Who doesn’t admire people who know exactly what they are aiming toward, what they really want to get done?  Even after all these years of MBO Management (Management By Objectives), who in business still does not appreciate a meeting that starts with someone stating, “Here are the objectives for today’s meeting”?  So why is it that when it comes to investing big bucks in all kinds of marketing activities we so infrequently have in mind what results we expect, other than the obvious ones like, “grow share” or “keep the momentum going”?  This week we once again return to the all-important subject of Marketing Objectives, and we take a shot at answering some of the common questions we encounter about them.  A fundamental subject, but one that it seems we cannot review enough!


We continue to encounter questions about that most basic of marketing concepts, the marketing objective.  These questions typically focus on the definition of the term and whether a given goal is or is not a true marketing objective. Honestly, we are often surprised by questions like these because the concept seems so fundamental, even so obvious.  But, when we consider that very many marketing organizations train their marketers to think that “growing market share” is the responsibility of Marketing (and not the responsibility of R&D, Logistics, Manufacturing, or even Sales), well, we can begin to understand some of the questions we get.  Then, too, we know that fewer and fewer marketing organizations (along with their Marketing Research teams) have the measuring methodologies in place to actually read and track legitimate marketing objectives.  Some even tell us, “We would like to measure things like switching and frequency of purchase/consumption, but we simply don’t have the market research funds we need to do these things”

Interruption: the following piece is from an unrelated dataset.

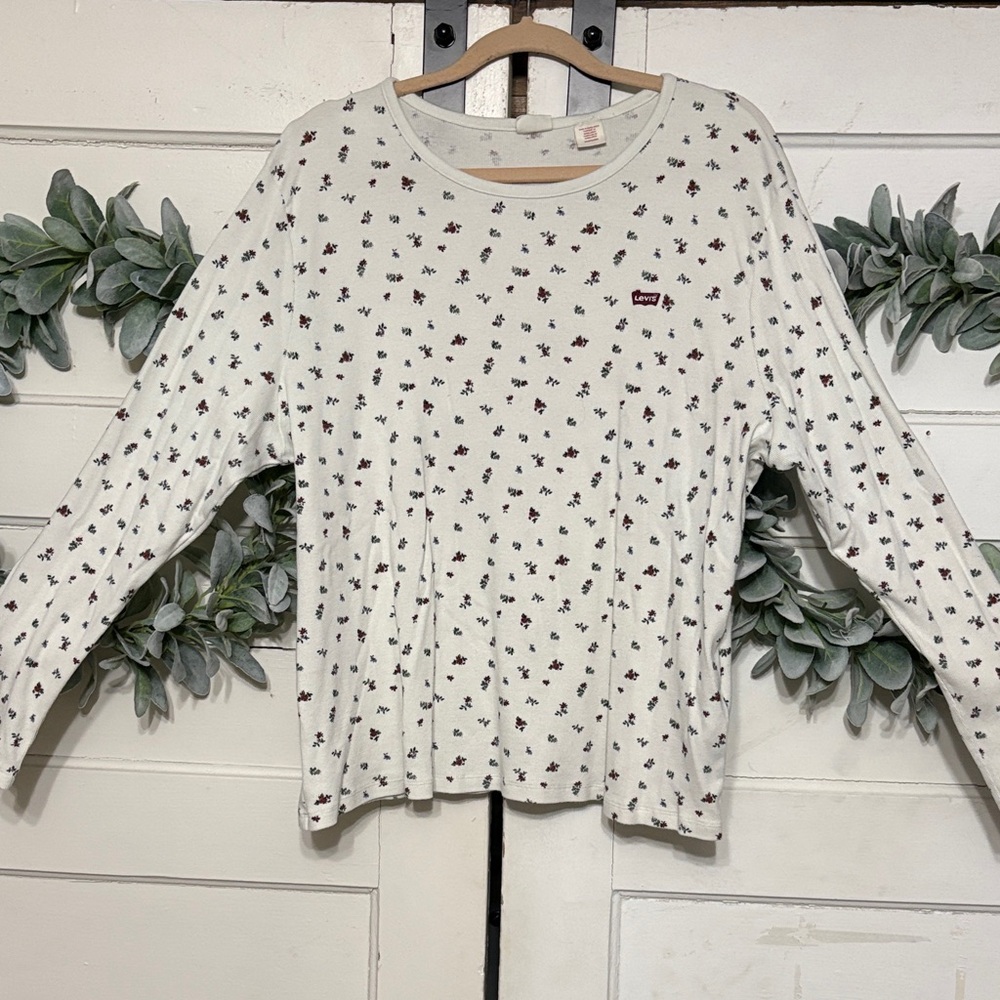 Levi’s Floral Pink Long Sleeve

This is more and more the marketing world we live in:  investing significant monies in things like sponsorships, promotions, on-premise events, advertising, merchandising and other things but relying on the changes we see in market share alone to assess the effectiveness of the investments.  The trouble is, while it’s always a good idea to attempt to link business actions with business results, using market share as the sole measurement is like using a sledge hammer to place a picture-hanger pin in the wall.  As they say, it’s an awfully blunt instrument.  Sure the Marketing Function is responsible for sustaining or building market share…but so is the Sales Function (what happens to market share when they fail to lock in a key account during a key promotion period?)…and so is the Logistics Function (what happens to market share when they cannot move truckload-sale product to the right places on time?).


In light of every function’s impact on things like market share (or sales volume, or profits) can any General Manager really make the best investment decisions without “getting inside the numbers?”  No! So despite this more and more prevalent marketing world we are living in, marketers really must find ways to dial down further, underneath the broader, blunter measures like market share and identify what specific actions they are going to make happen—and be held accountable for.  In short, they must find a way to justify their big investments with more precision…by pre-determining their marketing objectives and setting up some methods for reporting them.


But, to go back where we started, for this week’s Boats & Helicopters we will reprise some of the marketing objective questions we commonly hear, along with our best shot at answering them.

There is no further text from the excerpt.